His fellow students ranged from an air force pilot to the manager of a Heineken brewery in Siberia. “For a lot of these guys, the MBA was something to do with going up the next rung of the ladder; but a lot of people had realised they weren’t doing something they wanted to do.”
In Gruss’s case, it became apparent that what he wanted to do was music. Rubikon had “got pretty close to getting signed”. But as the five band members accumulated 13 children between them, the gigs and practice sessions had tailed off. Gruss went into investment banking at the age of 24, feeling family pressure to get some financial knowledge under his belt. However, at business school, “something just clicked”.
He got Rubikon back together, found himself increasingly motivated by everything to do with the band, and realised that he wanted to try combining music and business. Coming from a “very conservative” family hedge fund, publishing seemed to offer the most risk-averse way of doing both, given the predictability with which royalties come in for well-established songs.

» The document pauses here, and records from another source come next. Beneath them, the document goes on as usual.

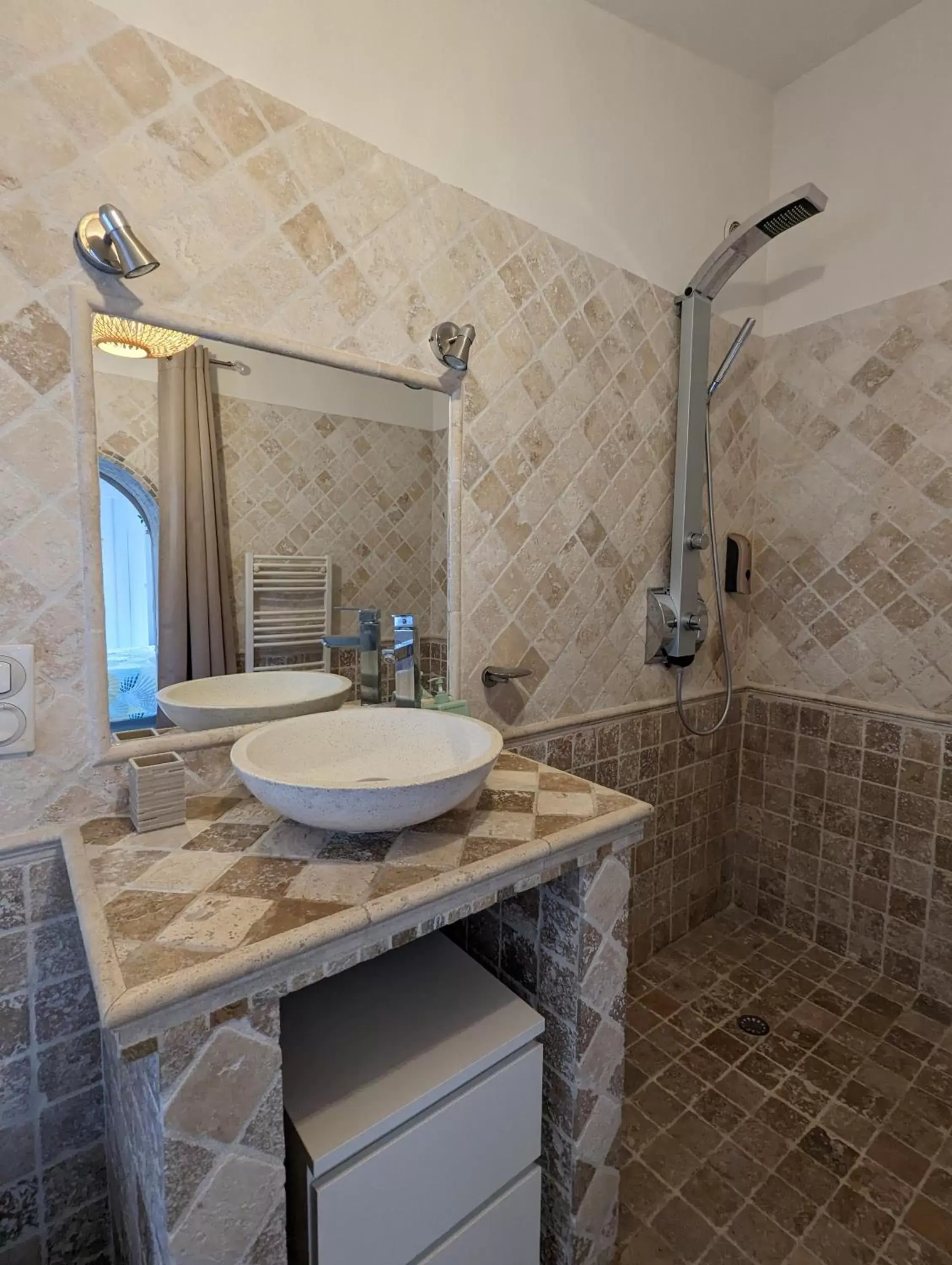 Shower, Bathroom in La villa de Fleury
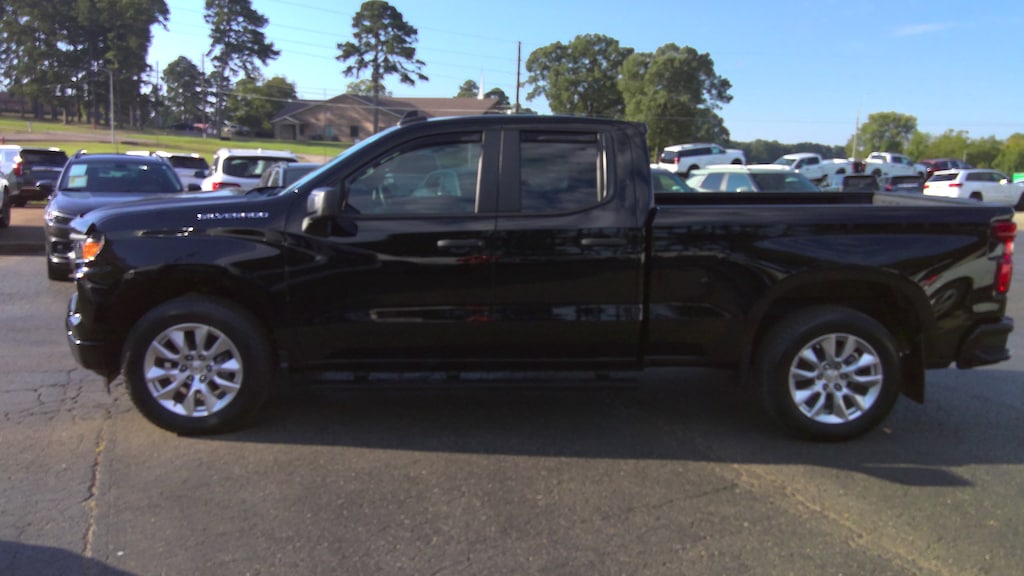 Used 2023 Chevrolet Silverado 1500 Custom Truck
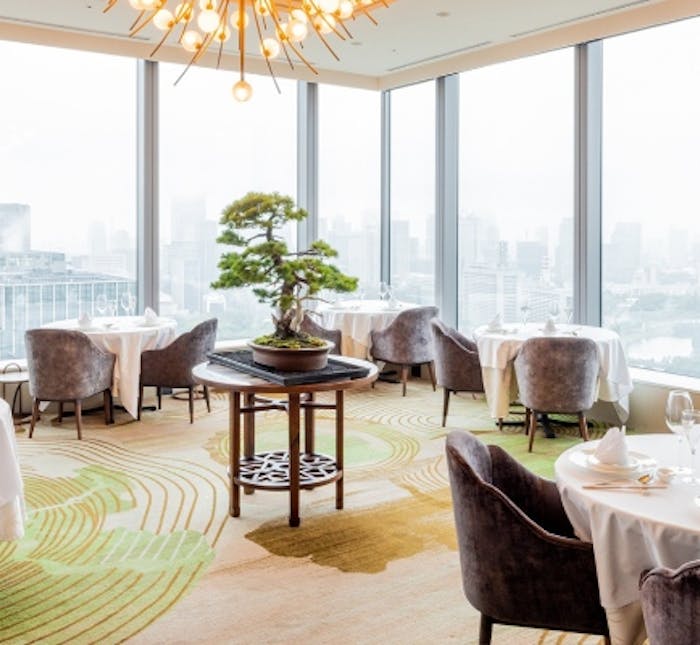 東京駅丸の内駅舎の向かい側♪ リニューアルした新丸ビルの「丸の内ハウス」で多彩な食事をことりっぷ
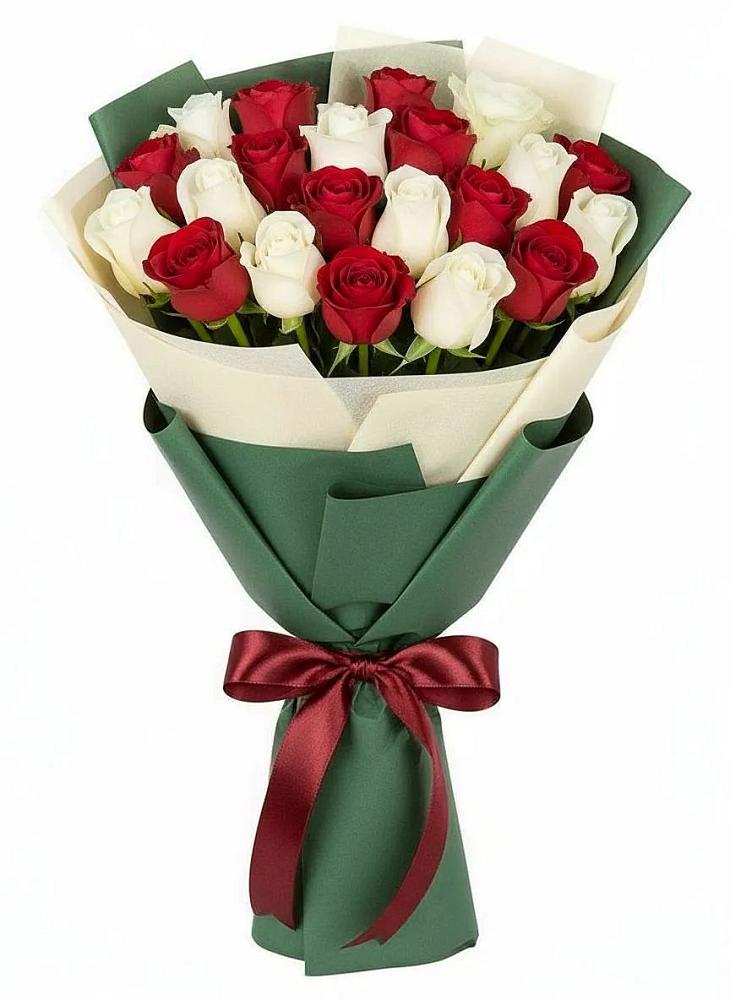 Букет Микс из красных и белых роз в Геймановской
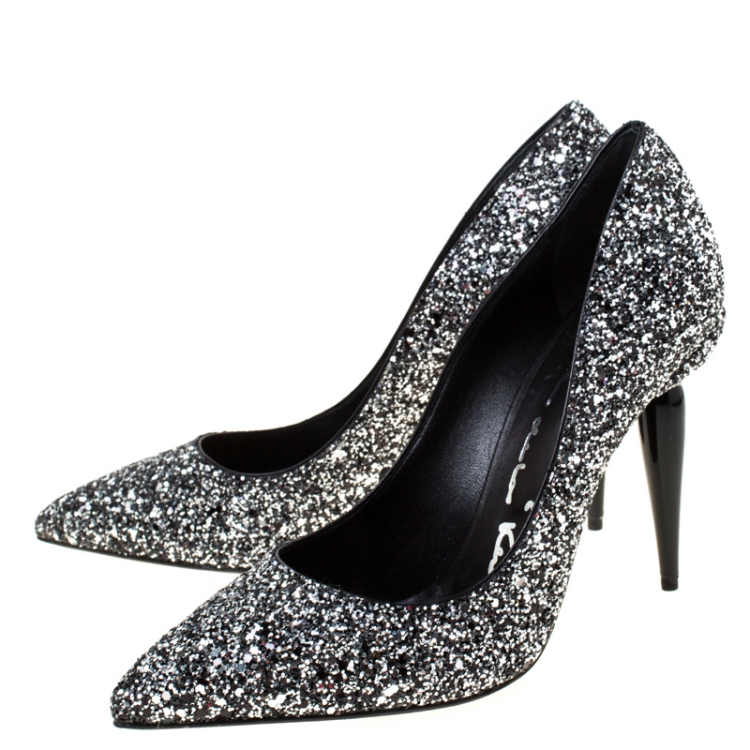 Pre Owned Oscar de la Renta Silver Glitter Mariacarla Pointed Toe Pumps Size 38.5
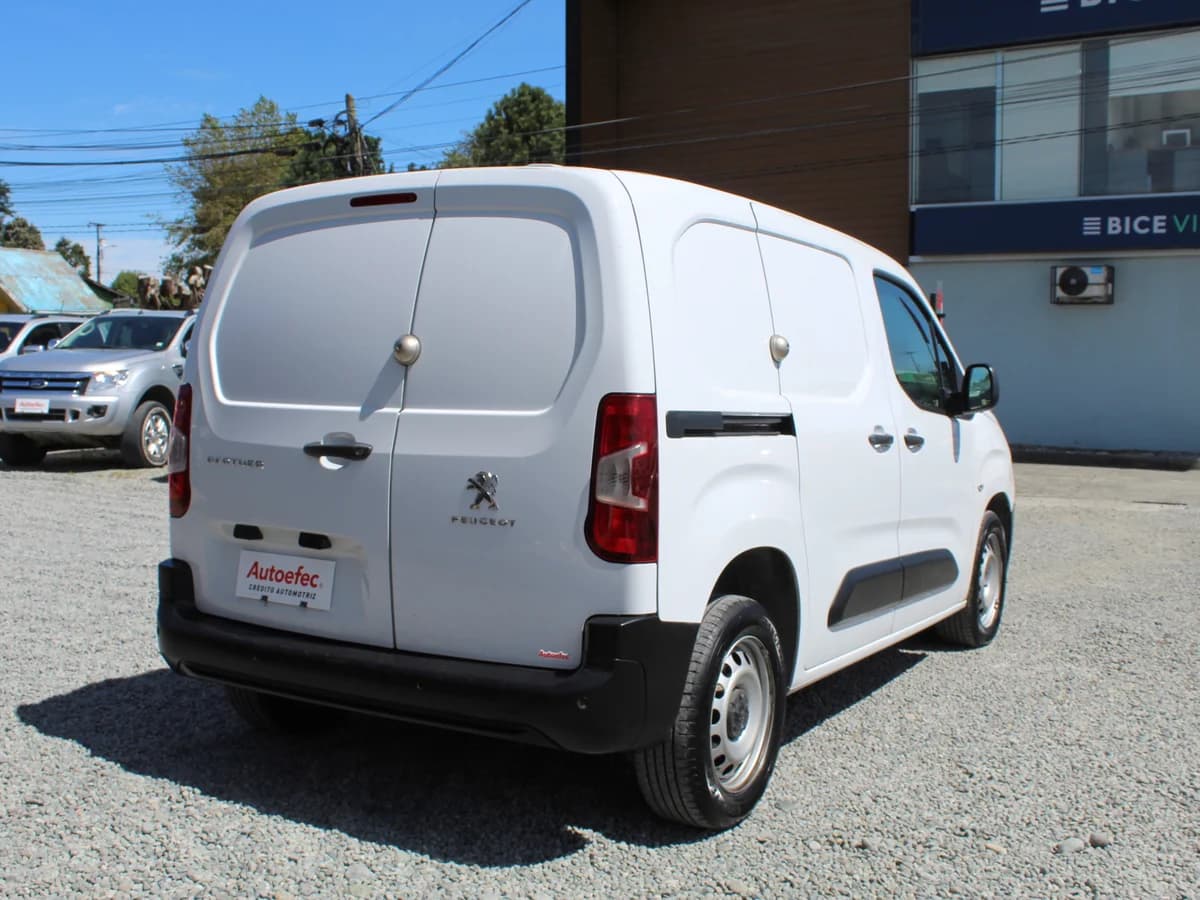 PEUGEOT PARTNER BLUE HDI 2023 - Imagen 8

Gruss thought that investors would like the fact that music publishing revenues from sources as diverse as European restaurants and Canadian video games were unrelated to stock market swings, and saw a gap for a boutique-size music publisher that could attract songwriters with the promise of a hands-on service. “Songwriters are very emotional about their songs,” he says. “They do worry about whether their babies are going to get lost in the shuffle.”
Using an educational analogy, he says: “Our student/teacher ratio – the students being our songs and the teachers [being] employees – is a lot lower than others.” It has about 6,000 songs and 14 people, though Gruss says the team is large enough to absorb larger acquisitions. “We have enough people to handle a lot more than we have now,” he says.
Gruss graduated in 2010 and launched Round Hill later that year, soon acquiring Chris Kenner’s “Land of 1,000 Dances” – a hit for Wilson Pickett in 1966 – and American Songbook classics such as Marks & Simons’ “All of Me”. Covered by many other artists and used in several films, “Land of 1,000 Dances” alone generates about $200,000 a year, Gruss estimates.
Round Hill launched at a fortuitous time, he says: “It was right after the financial crisis and so many different major [publishing houses] had overpaid and over-leveraged and become distressed.”
But the company only really put itself on the map in January 2012 with the purchase of six early Beatles songs, including “She Loves You” and “I Saw Her Standing There”. (Richard Rowe, a Round Hill Music partner and former president of Sony/ATV, is the son of the former Decca Records A&R man who signed the Rolling Stones but turned down The Beatles in 1962.)
The catalogue had not been marketed aggressively, but within two weeks of completing the deal, Round Hill had signed a $250,000 licence for “From Me To You” to be used in a Canadian communications company’s advertising. Soon after, it arranged for a band to cover “I Want To Be Your Man” for the soundtrack of True Blood, the HBO vampire drama.
With songs performed by Bruno Mars and American Authors, 85 per cent of them written more than a decade ago, Round Hill has established itself as a small but interesting competitor in an industry led by the likes of Sony ATV, Universal Music Publishing and Warner Chappell. Its “net publisher’s share”, the industry measure of the royalties a publisher gets to keep after paying songwriters, has climbed to about $5m a year.
. . .
A few business school contacts have helped Round Hill’s business, Gruss says, pointing to Ricardo Fernandez Zambak, a Geffen Records manager. “I’ve taken some of our songwriters’ songs and thrown them his way,” he says. Gruss, who is married to Shoshanna Lonstein Gruss, a fashion designer, has also used his EMBA training to add a second leg to Round Hill Music.
Unusually, it includes a private equity fund dedicated to investing in music royalties. Gruss had taken “an amazing class” in Dubai with Laura Resnikoff, the founding director of Columbia Business School’s private equity programme, “which helped me understand how to structure our firm”. Prof Resnikoff is now an adviser to Round Hill Music Royalty Partners. Gruss says the branding classes he took in London informed his decision to give his private equity arm’s marketing materials a much more sober look than the gaudy pink logo of the main publishing business.
“We have two separate websites, and when we go to investors, I don’t show them the pitch book that’s bright pink,” he says. “When you deal with a songwriter you want one set of branding and when you deal with an investor you want another.”
Music memorabilia are scattered all around the Round Hill offices. Coasters on the boardroom table feature sheet music for songs such as “Oh Sherrie” and “Just The Way You Are”, and a vinyl Rocky IV soundtrack album is propped on the windowsill. “That is one from when I was a kid,” Gruss says. His team has taken “Living in America”, the James Brown track on the soundtrack, and licensed it for a July 4 advert for Macy’s department stores, and also commissioned a country and western version “for the Nascars of the world”.
The musical decorations have a purpose, Gruss says, making sure the offices do not look so corporate that they scare off the talent. When members of Tesla, a 1980s hard rock band, came in, he recalls: “They were so apprehensive about being in the financial area of New York City. As soon as I brought them into my office and I picked up a guitar with them and started jamming, a little bit of the apprehension went away.”
Gruss has also signed up Rubikon. After two of its songs were played on college radio, he says, “the royalties for the last quarter were $19, split between five of us”.